Post Updated on November 10, 2011.
11gR2 was supposed to be 12g..or so the story goes. You can read tons of posts on OTN from several years ago where 12g is referenced. Nothing recent though. So…
Oracle Open World 2011 is coming soon, and you know the Big Red Machine will want to have a big splash. Will it be a new version of their RDBMS solution?
And for all those people who just got their 8 and 9 databases upgraded to 10 or 11, be prepared to be obsolete again!
Maybe the ACEs who were able to attend #KScope last month in Long Beach got the inside scoop…alas, I was not there. Instead I was suffering on another beach, happily on vacation.
We’ll know soon enough. Then a few months of beta testing with real production software ready for *NIX installs a few months later…but until then, I have a question for you:
If it is announced, what features will you be looking or hoping for?
Personally, I am hoping for a more intelligent CBO. Just give me better plans, better cost estimation. That’s not much to ask for, is it?
Post Update, 12 is here…kind of
I started working for Oracle in late October, so I can’t really speculate on product releases anymore, sorry.
I was KIND of right though! Oracle did release an update for Oracle Enterprise Manager, what we’re calling ’12c.’ The ‘c’ stands for ‘cloud.’ From the official PR, ‘Oracle today announced Oracle Enterprise Manager 12c the industry’s first solution to combine management of the full Oracle stack with complete enterprise cloud lifecycle management.’ You can go read all the nitty-gritty details here.
A lot of work was done on the database management features in this new Enterprise Manager, I’m wondering if any of you have had a chance to try it out yet?
6 Comments
Jeff,
I just want to avoid all the boring parsing steps for heavy used statements.
Instead of SELECT SYSDATE FROM DUAL WHERE DUMMY=:1 something like
DO PREPARED STATEMENT ‘sqlid’, :1 Less CPU burned, less latches, …

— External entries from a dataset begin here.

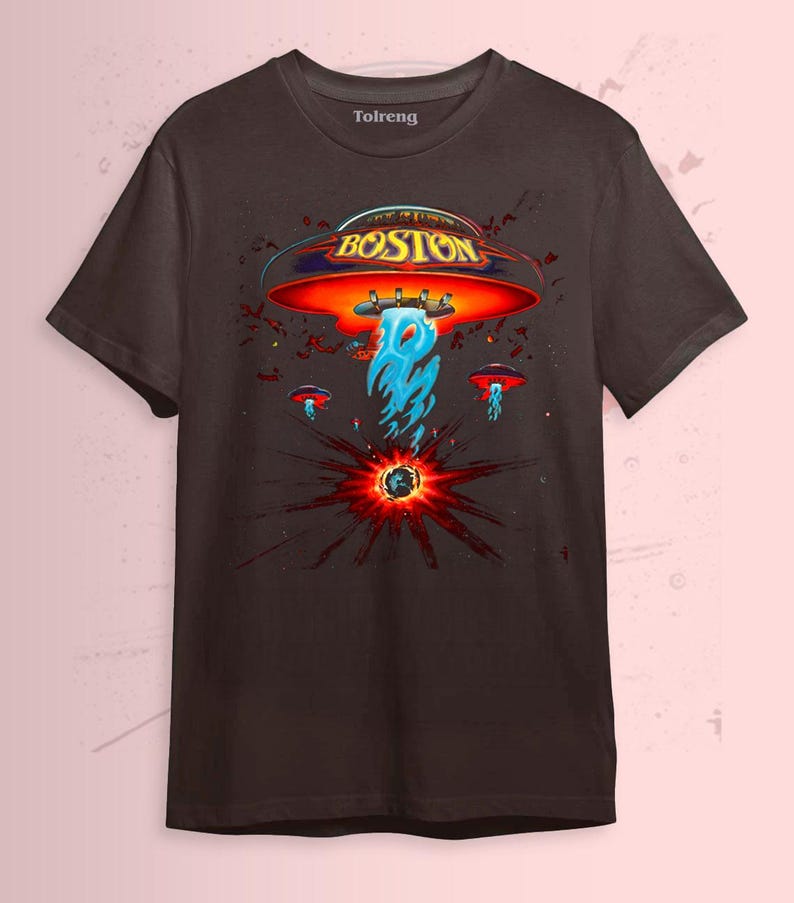 May include: Dark brown t-shirt featuring a graphic design with the word "BOSTON" in gold lettering on a red and orange UFO. The design includes blue flames and smaller UFOs, with a burst of red and black radiating from a central point.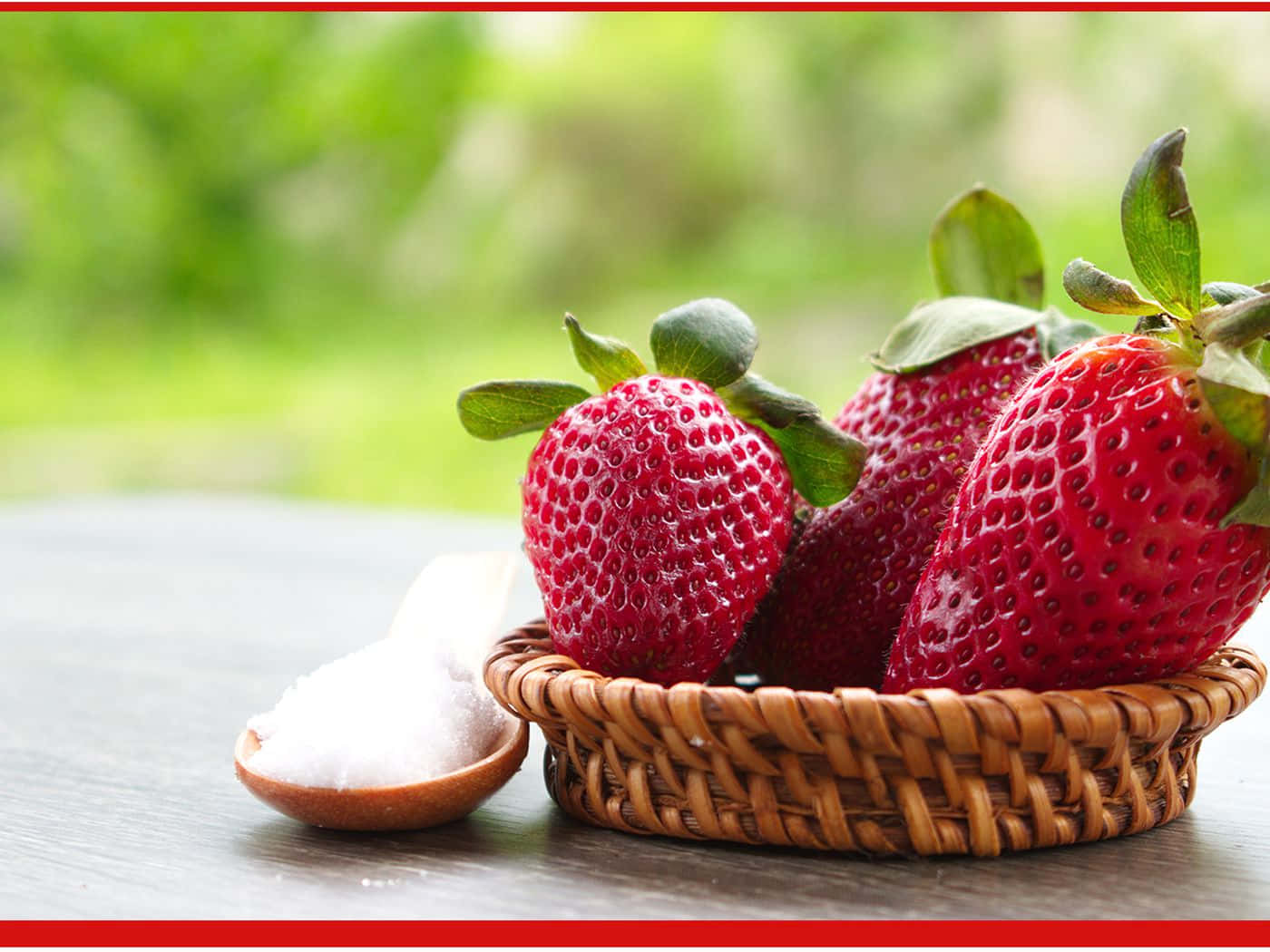 Strawberries 桌布 壁紙 — 成熟的紅色草莓配綠葉放在編織籃中，旁邊有木匙盛著白糖，置於深色木桌上。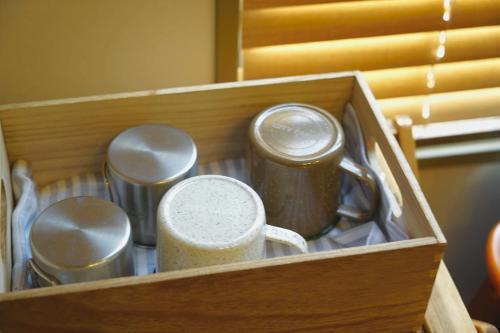 a wooden box with several utensils in it at wanderlust STAY in Kofu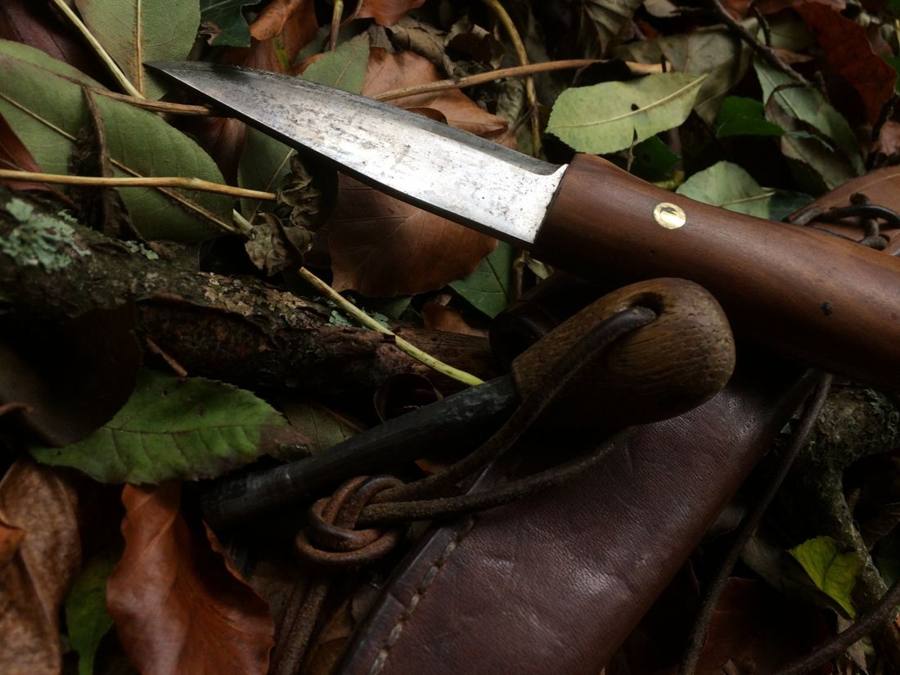 A wooden-handled knife and fire steel resting on a leather sheath among beech leaves
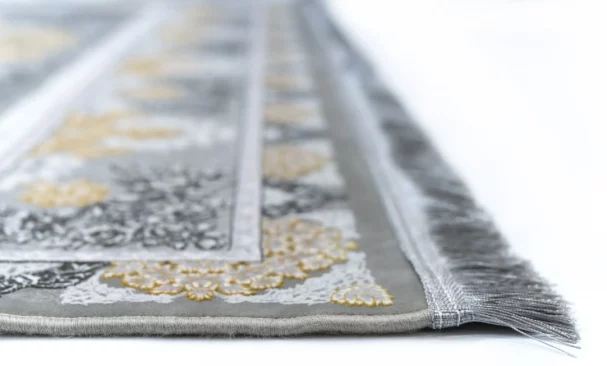 Carpets A close-up of a carpet's edge, with a focus on the intricate design and the soft, fluffy texture of the carpet's edge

Garys example is right with PL/SQL, and cursor caching. I’d just want to bring this idea to the end.
Never thought of that parsing as that taxing, although if it’s happening a few thousand times a minute, I suppose those milliseconds add up.
Have you taken advantage of the result set cache and deterministic functions yet? I wonder if that would help any…parse is there, but less time spent elsewhere.
The first time I read about Edition based Redefinition my first idea was:
They must do this in any Data Dictionary modification! – all Objects in the data dictionary exposed to the customer (as far as I know) can be handled that way. So I really hope for no need for a Service downtime anymore. at all. never, ever! even with ORA-600 and emergency patches.
Of course, there are other ideas too:
* in my company, we see the total automatism on parallel queries is not perfect, yet.
* in rare cases I’d like to be able to store a SQL (for a particular user) into the DB to avoid any kind of hard/soft parsing, permission checks, object checks, … maybe even in PGA?
* currently I’d like to have a COMMIT_WAIT=nowait hint.
So there are enough wishes, let’s see what Larry will bring to us.
Avoid permission checks? What do you mean by saving a SQL? Don’t we call this a ‘VIEW’?
A stored procedure comes close to minimising the syntax /semantics checks. And PL/SQL cursor caching means not even soft parses for repeated SQL. The problem is (a) the soft parse is needed for any parse coming through from the client to see whether the text matches an existing SQL and (b) ‘new’ developers don’t want to handle low level stuff like cursor handles or take advantage of code in the DB.
Think its too early for a 12g though. But what I’d REALLY like to see is Oracle Personal Edition for Linux not just Windows.
No ones talking about it, so if I’m right, I’m a genius! An evil genius.
Gary, your answer to every question is PL/SQL – I like that!